▸ **EXERCISE REQUIREMENTS**:
Scan the records for the line containing "Adelaide Construction Management Services"; extract it and all later lines, verbatim, through the end, and nothing before it.
[[ PROVIDED RECORDS, beginning ]]
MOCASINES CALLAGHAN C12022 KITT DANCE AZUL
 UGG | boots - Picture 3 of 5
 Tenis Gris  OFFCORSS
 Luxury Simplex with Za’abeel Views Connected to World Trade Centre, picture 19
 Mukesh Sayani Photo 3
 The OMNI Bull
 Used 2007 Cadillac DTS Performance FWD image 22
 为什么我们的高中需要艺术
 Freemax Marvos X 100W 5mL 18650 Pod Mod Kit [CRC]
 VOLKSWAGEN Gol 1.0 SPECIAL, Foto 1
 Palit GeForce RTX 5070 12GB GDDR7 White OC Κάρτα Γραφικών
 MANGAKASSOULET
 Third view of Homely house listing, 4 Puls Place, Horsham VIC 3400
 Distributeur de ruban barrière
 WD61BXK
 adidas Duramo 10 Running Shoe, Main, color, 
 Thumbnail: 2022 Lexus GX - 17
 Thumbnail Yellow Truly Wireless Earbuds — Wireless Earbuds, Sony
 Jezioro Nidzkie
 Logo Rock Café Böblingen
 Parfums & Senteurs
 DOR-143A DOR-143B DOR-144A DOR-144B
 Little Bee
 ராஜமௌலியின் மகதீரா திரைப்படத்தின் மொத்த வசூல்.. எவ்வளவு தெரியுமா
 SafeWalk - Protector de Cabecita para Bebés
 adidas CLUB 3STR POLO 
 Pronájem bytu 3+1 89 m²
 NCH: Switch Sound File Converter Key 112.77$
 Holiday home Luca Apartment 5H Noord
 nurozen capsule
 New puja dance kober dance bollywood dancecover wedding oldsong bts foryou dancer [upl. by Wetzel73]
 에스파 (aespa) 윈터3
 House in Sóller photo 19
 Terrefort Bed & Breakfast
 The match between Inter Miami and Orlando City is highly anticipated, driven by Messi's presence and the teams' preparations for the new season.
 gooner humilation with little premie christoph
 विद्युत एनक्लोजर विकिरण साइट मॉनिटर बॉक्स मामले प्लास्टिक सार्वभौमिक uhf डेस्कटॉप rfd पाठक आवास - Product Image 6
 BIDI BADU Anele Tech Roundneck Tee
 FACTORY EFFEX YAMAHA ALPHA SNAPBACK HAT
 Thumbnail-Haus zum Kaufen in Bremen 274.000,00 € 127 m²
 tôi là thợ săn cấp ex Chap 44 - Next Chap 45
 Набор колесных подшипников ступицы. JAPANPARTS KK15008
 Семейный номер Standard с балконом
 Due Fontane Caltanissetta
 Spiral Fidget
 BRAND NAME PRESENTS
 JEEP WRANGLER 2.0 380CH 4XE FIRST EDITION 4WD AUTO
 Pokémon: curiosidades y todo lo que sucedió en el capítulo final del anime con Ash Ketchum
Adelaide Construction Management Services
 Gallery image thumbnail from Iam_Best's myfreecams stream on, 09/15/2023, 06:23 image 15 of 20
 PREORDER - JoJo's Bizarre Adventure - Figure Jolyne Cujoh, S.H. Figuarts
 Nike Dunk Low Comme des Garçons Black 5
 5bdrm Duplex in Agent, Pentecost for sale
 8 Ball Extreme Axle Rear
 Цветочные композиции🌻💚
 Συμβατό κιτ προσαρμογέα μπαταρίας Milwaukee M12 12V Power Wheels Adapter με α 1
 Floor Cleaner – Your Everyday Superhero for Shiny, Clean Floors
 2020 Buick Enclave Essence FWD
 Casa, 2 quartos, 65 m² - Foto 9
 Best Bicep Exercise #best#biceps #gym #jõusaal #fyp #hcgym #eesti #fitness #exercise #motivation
[[ PROVIDED RECORDS, end ]]
▸ **ANSWER TO THIS PROBLEM**:
Adelaide Construction Management Services
 Gallery image thumbnail from Iam_Best's myfreecams stream on, 09/15/2023, 06:23 image 15 of 20
 PREORDER - JoJo's Bizarre Adventure - Figure Jolyne Cujoh, S.H. Figuarts
 Nike Dunk Low Comme des Garçons Black 5
 5bdrm Duplex in Agent, Pentecost for sale
 8 Ball Extreme Axle Rear
 Цветочные композиции🌻💚
 Συμβατό κιτ προσαρμογέα μπαταρίας Milwaukee M12 12V Power Wheels Adapter με α 1
 Floor Cleaner – Your Everyday Superhero for Shiny, Clean Floors
 2020 Buick Enclave Essence FWD
 Casa, 2 quartos, 65 m² - Foto 9
 Best Bicep Exercise #best#biceps #gym #jõusaal #fyp #hcgym #eesti #fitness #exercise #motivation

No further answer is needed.